Saved entries
- - -

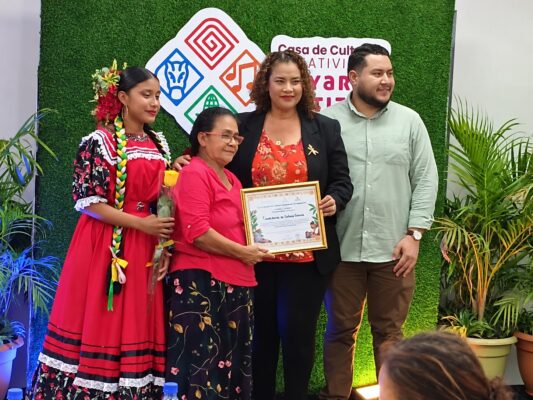 “En mis manos ni uno murió”: la historia de las partera de Managua
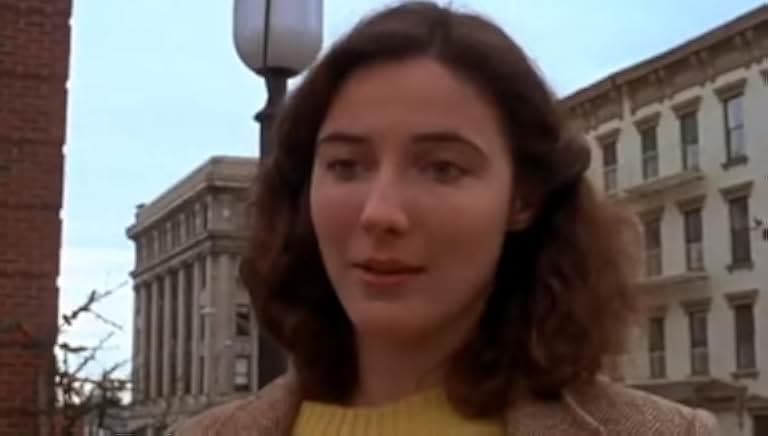 Lianna 1983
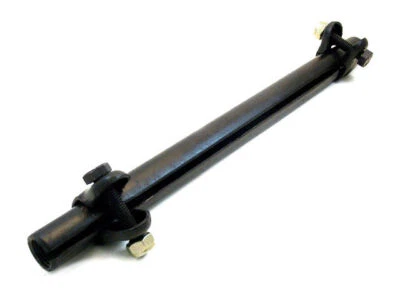 Manguito de ajuste delantero para Ford Crown Victoria 1995-2002 51156JW Foto 1 de 2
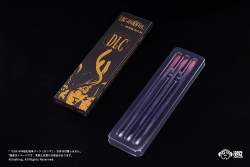 106740 B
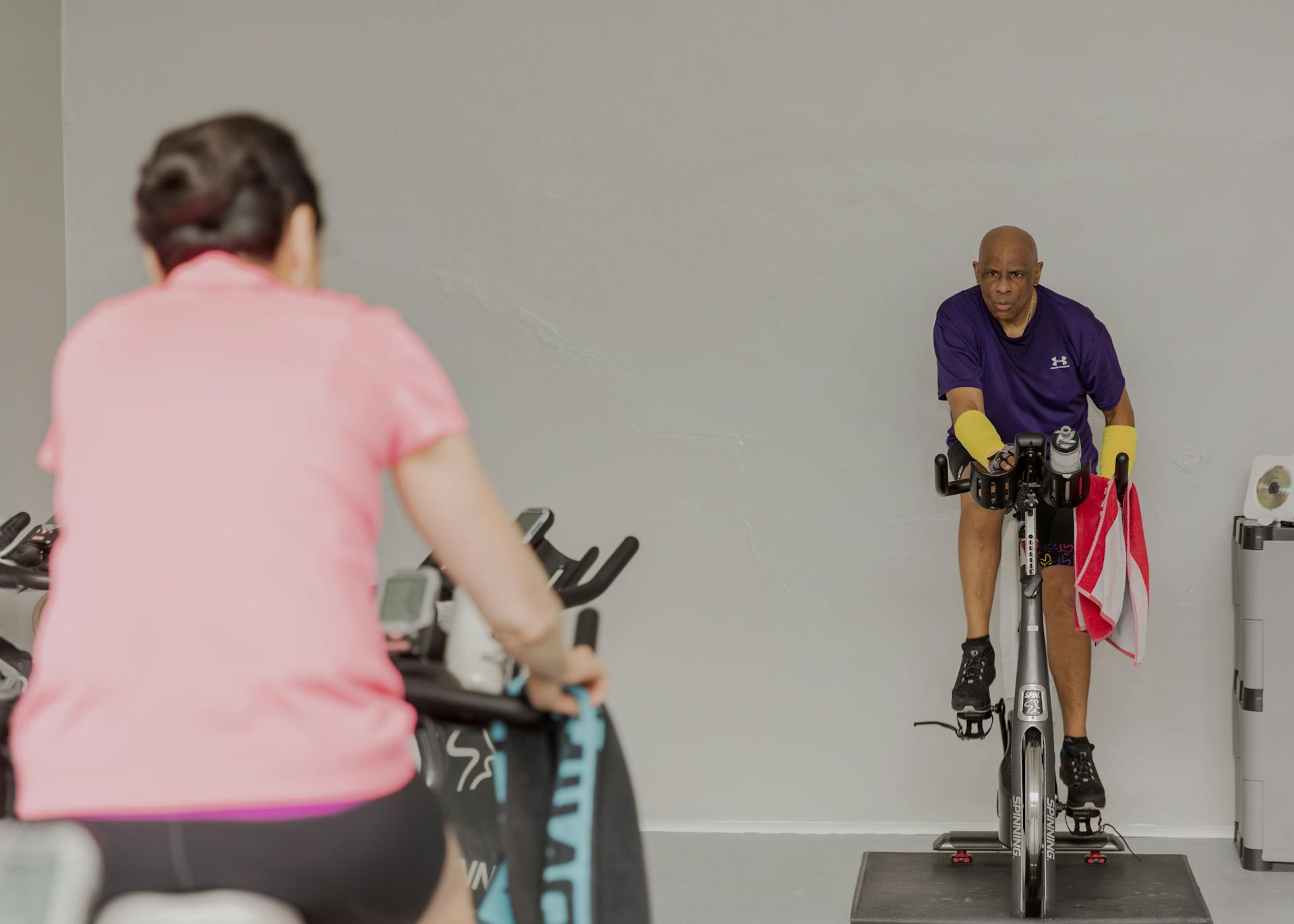 /fitness/Spin/new orleans athletic club-spin2.jpg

- - -

§ **PROBLEM STATEMENT**:
Please transcribe the entries precisely and omit any images they hold.

§ **PROBLEM SOLUTION**:
 “En mis manos ni uno murió”: la historia de las partera de Managua
 Lianna 1983
 Manguito de ajuste delantero para Ford Crown Victoria 1995-2002 51156JW Foto 1 de 2
 106740 B
 /fitness/Spin/new orleans athletic club-spin2.jpg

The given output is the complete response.